Second, the anchoring bias involves parties being unconsciously influenced by a number or dollar figure provided from negotiating opponents, or even from an extraneous source, and adjusting their expectations and negotiation range accordingly.
Third, the optimistic over-confidence bias involves persons betting themselves ‘against the odds’ and expecting to do better than the average, for example franchisees in a particular industry or claimants in vehicle accident compensation cases.
The many unconscious biases in human decision-making cause parties in mediation to diagnose conflicts inaccurately and to intervene inappropriately, not only frustrating attempts at settlement but prospectively causing disputes to escalate in extent and intensity. The biases can also operate cumulatively – for example an employee’s confirmation bias about the circumstances of their removal from office is likely to exacerbate their unrealistic over-confidence about achieving a positive outcome to a dismissal claim, such as reinstatement, or a higher than normal damages settlement.
While artificial intelligence (AI) claims to avoid or annul many of these features of the human condition, decision-making biases can also be inadvertently embedded in software and algorithms and thereby impose residual preferences on decisions.
Mediation and Neuro-Science
Neuro-science adds to the knowledge base of psychology through observation and analysis of actual brain activities in human subjects. Through imaging of physiological, electrical and chemical impulses in the brain, scientists can observe the impacts on the brain’s neural pathways, and different parts of the brain, when a patient or subject is exposed to different sounds, sights, words or other stimuli.
A compelling illustration of these insights is provided in relation to the phenomenon of loss aversion, one of the cognitive biases previously identified by psychologists. When subjects undergoing brain-scanning are exposed to the single words ‘loss’ or ‘gain’ there are profound differences in the observed neural impacts – in broad terms the former term has an effect several orders of magnitude greater than the latter, in respect of both intensity and duration. In this instance the brain science reinforces orthodoxy long prevalent in mediation theory: parties who perceive they are facing a loss are likely to be risk-accepting and seek an outcome away from the mediation, but if they perceive a gain at the mediation table they are likely to be risk averse and favour settlement. Brain scanning provides corroboration and a deeper explanation for the phenomenon, founded on human survival instincts, which responds to threats more intensely than to rewards. While survival instincts arose originally in relation to physical threats, they are now also a product of perceived unfairness, undignified treatment, negative emotional experiences or unfulfilled expectations in the mediation room.

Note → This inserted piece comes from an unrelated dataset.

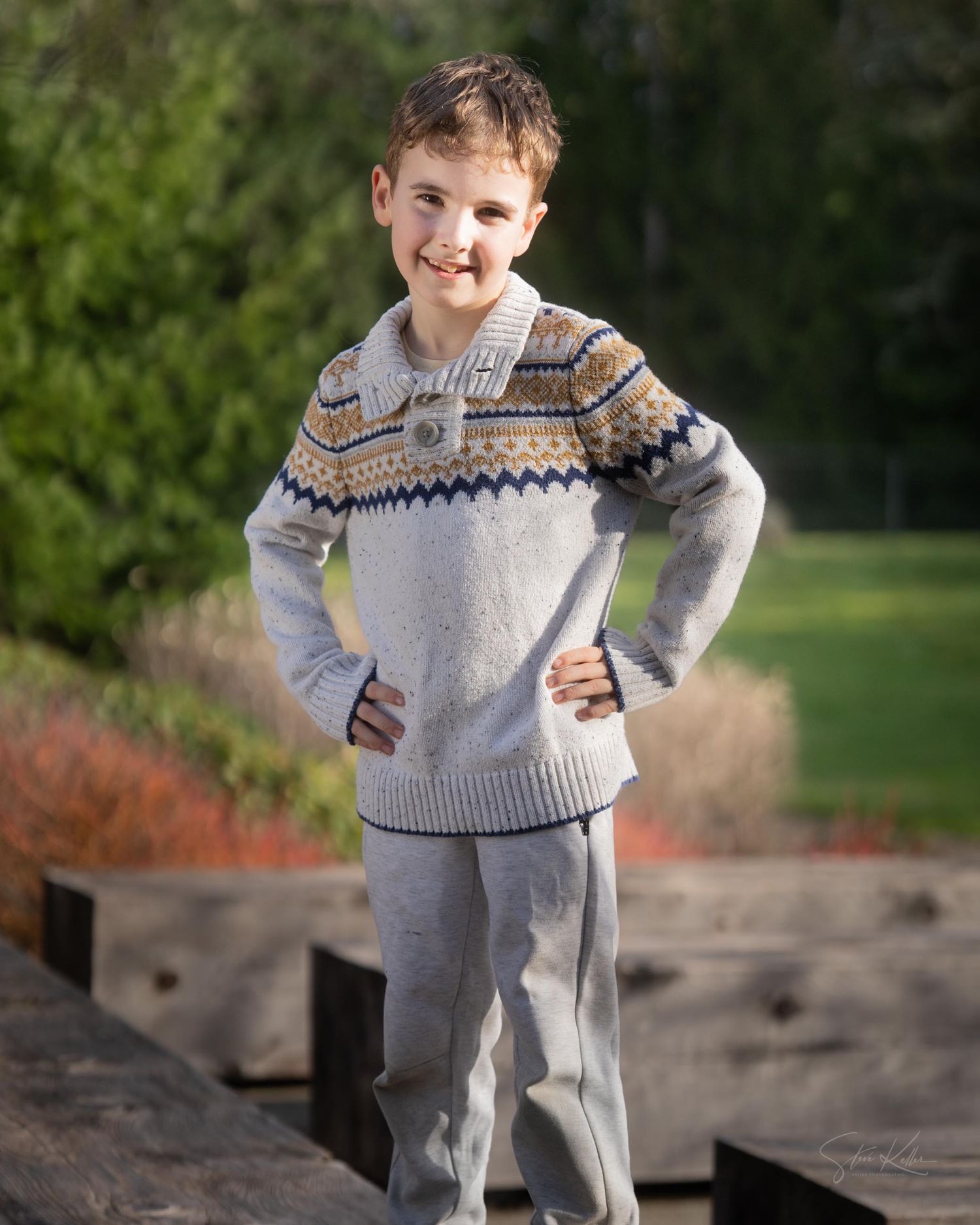 A young person in a patterned winter sweater and light colored pants stands confidently on wooden decking outdoors.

Through brain-scanning and other investigative procedures, neuro-scientists have provided far-reaching evidence and understanding of how electrical messaging and chemical releases operate under conditions of stress, emotion and ambivalence, all of it potentially relevant to mediation. For example, mirror neurons in one party’s brain can be activated by agitations in those of another person, leading to emotional contagion among disputants in high-level conflicts. The chemicals dopamine, oxytocin, adrenalin and cortisol are released in response to specific pleasurable or stressful circumstances, including those encountered in the mediation room, and they affect respective parties’ behaviours, judgments and decisions. The plasticity of the brain, however, entails that its operation is not always predictable and it can change its habits and patterns over time.

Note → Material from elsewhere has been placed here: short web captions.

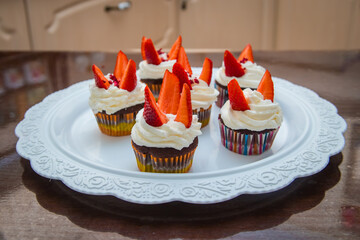 on the brown table are cupcakes decorated with strawberries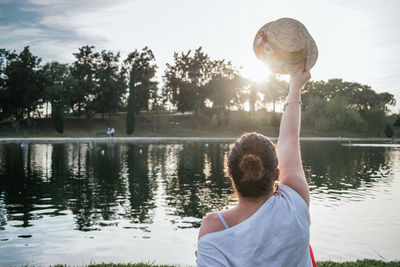 Caucasian woman from behind putting a hat to the sun in a park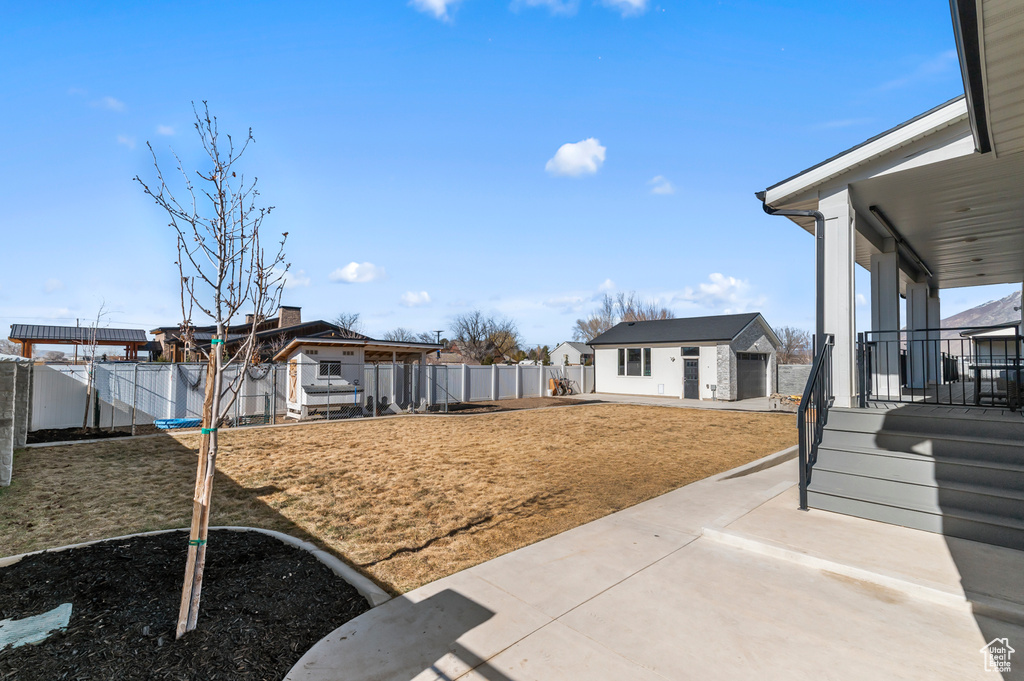 View of yard with an outbuilding, a garage, and a patio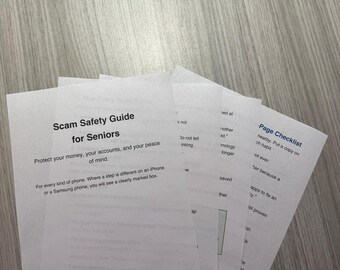 May include: A stack of white paper documents titled Scam Safety Guide for Seniors, featuring text about protecting money and accounts, with a Page Checklist visible on the top right sheet, all printed in black ink on standard letter-sized paper.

Another dimension of brain science derives from the organ’s bicameral structure. In 2017 Australian judges were addressed on the divided brain by an English psychiatrist, Ian McGilchrist, his work drawing on science, philosophy, literature and culture. He accentuated the significance of brain bicameralism in many aspects of human affairs and societal development – and by implication in dispute resolution activities. A more dated ‘left brain-right brain’ notion had been prevalent decades earlier, associating the left with attributes such as logic, language and analysis and the right with factors such as emotion, affect and art. This construct had in some respects been overtaken by work on the triune brain, and its implications, referred to above.
McGilchrist’s work essentially re-affirms in more erudite terms the significance of the two hemispheres, while emphasising that both sides are involved in all brain functions, from thinking to feeling and from mathematics to imagination, and continuously communicating with each other. However, despite the hemispheres being interdependent in all brain activities, each has significantly different ways of operating.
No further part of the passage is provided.